Potential Exploitation Scenarios
The Framelink Figma MCP server is designed to facilitate various operations within Figma by leveraging AI-powered coding agents like Cursor. However, this integration also introduces risks. An attacker could deceive the MCP client into performing unintended actions through indirect prompt injections. For instance, by crafting a malicious URL or header value, an attacker can inject arbitrary shell commands, leading to remote code execution on the host machine. This scenario is particularly concerning in environments where the MCP client and server communicate over networks that may be accessible to potential attackers, such as public Wi-Fi networks or compromised corporate devices.
Discovery and Reporting
The vulnerability was discovered and reported by cybersecurity firm Imperva in July 2025. Security researcher Yohann Sillam from Imperva highlighted that the flaw originates during the construction of a command-line instruction used to send traffic to the Figma API endpoint. Specifically, the issue resides in the “src/utils/fetch-with-retry.ts” file. Here, the server initially attempts to retrieve content using the standard fetch API. If this attempt fails, it defaults to executing a curl command via child_process.exec, inadvertently introducing the command injection vulnerability.
Technical Breakdown of the Exploit
The exploitation process involves several steps:
1. Initialization Request: The MCP client sends an Initialize request to the MCP endpoint to obtain an mcp-session-id, which is essential for subsequent communications with the MCP server.
2. JSONRPC Request: The client then sends a JSONRPC request to the MCP server using the method tools/call to invoke tools like get_figma_data or download_figma_images.

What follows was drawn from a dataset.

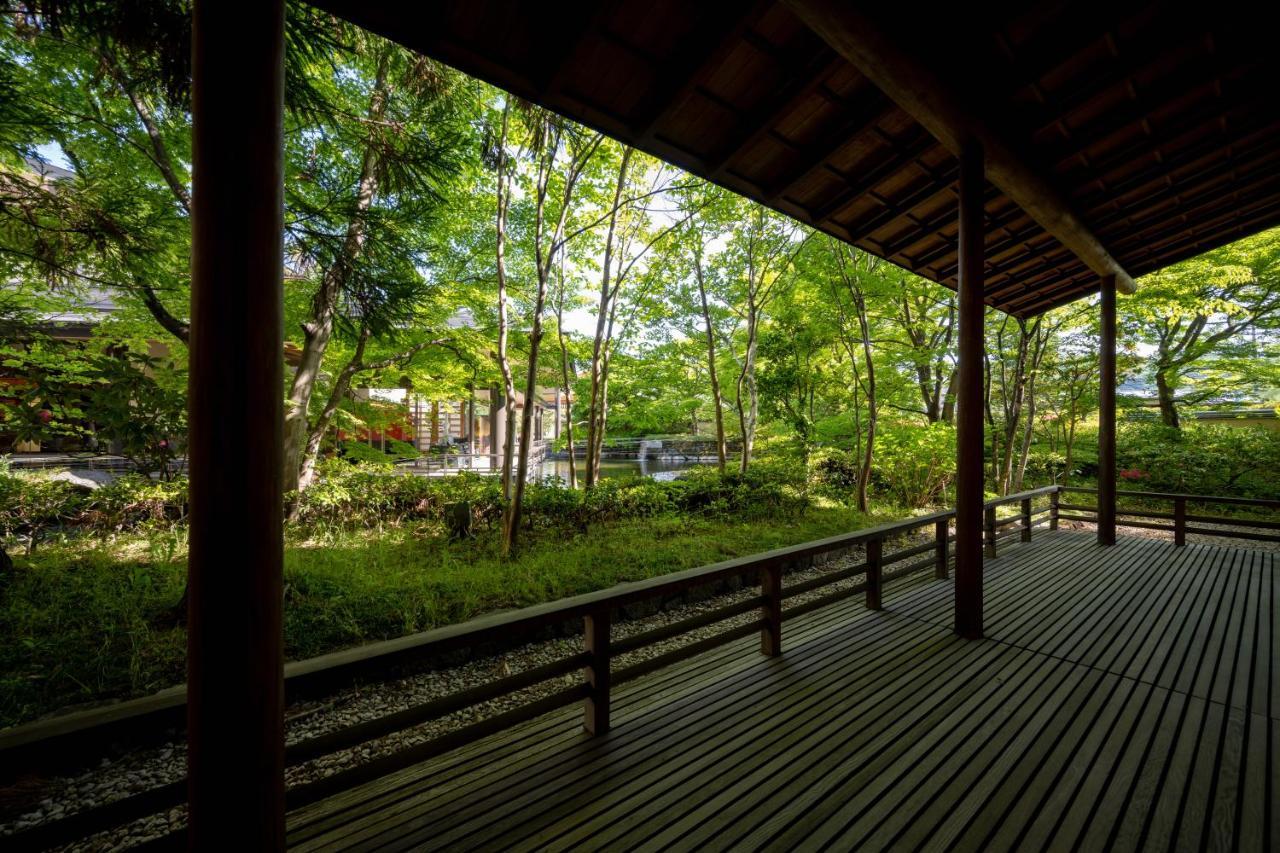 Iizaka Onsen Surikamitei Ohtori Hotel Fukushima  Bagian luar foto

The vulnerability is triggered when the server constructs a curl command by directly interpolating URL and header values into a shell command string. This approach allows a malicious actor to craft a specially designed URL or header value that injects arbitrary shell commands, potentially leading to remote code execution on the host machine.

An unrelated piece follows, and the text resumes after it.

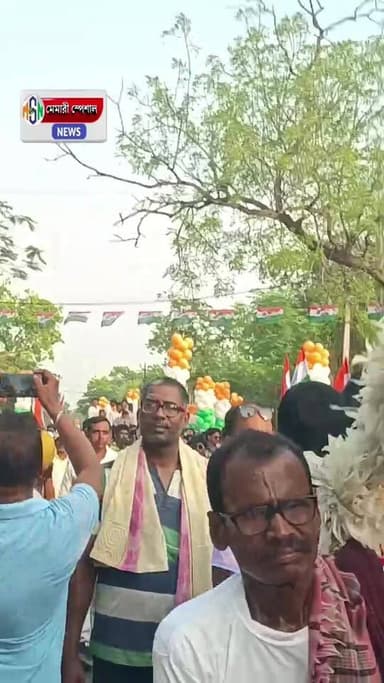 শহর মেমারীতে তৃণমূল কংগ্রেস প্রার্থী রাসবিহারী হালদারের সমর্থনে রাজ্য যুব তৃণমূল কংগ্রেস নেত্রী সায়নী ঘোষ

Proof-of-Concept Attack Scenarios
In a proof-of-concept attack, a remote adversary on the same network—such as a public Wi-Fi or a compromised corporate device—can exploit this flaw by sending a series of requests to the vulnerable MCP server. Alternatively, an attacker could lure a victim into visiting a specially crafted website as part of a DNS rebinding attack. This technique involves manipulating the domain name system to bind a victim’s browser to a malicious server, thereby facilitating unauthorized actions.
Mitigation and Recommendations
The vulnerability has been addressed in version 0.6.3 of figma-developer-mcp, released on September 29, 2025. Users are strongly encouraged to update to this latest version to mitigate the risk. As a precautionary measure, developers should avoid using child_process.exec with untrusted input. Instead, switching to child_process.execFile is advisable, as it eliminates the risk of shell interpretation and enhances security.
Broader Implications and Industry Response
The emergence of this vulnerability underscores the critical need for security considerations to evolve alongside the rapid adoption of AI-driven development tools. Imperva emphasized that even tools intended for local execution can become significant entry points for attackers if not properly secured. This incident serves as a stark reminder of the importance of rigorous input validation and the potential consequences of overlooking such fundamental security practices.
Related Security Concerns
In a related development, cybersecurity firm FireTail disclosed that Google has opted not to address a new ASCII smuggling attack in its Gemini AI chatbot. This vulnerability could be exploited to craft inputs that bypass security filters, leading to undesirable responses. Such incidents highlight the broader challenges in securing AI-powered platforms and the necessity for continuous vigilance and proactive security measures.
Conclusion
The discovery and subsequent patching of the CVE-2025-53967 vulnerability in the Figma MCP server highlight the ever-present need for robust security practices in the development and deployment of AI-integrated tools. Developers and organizations must remain vigilant, ensuring that security measures keep pace with technological advancements to protect against potential exploits and safeguard sensitive data.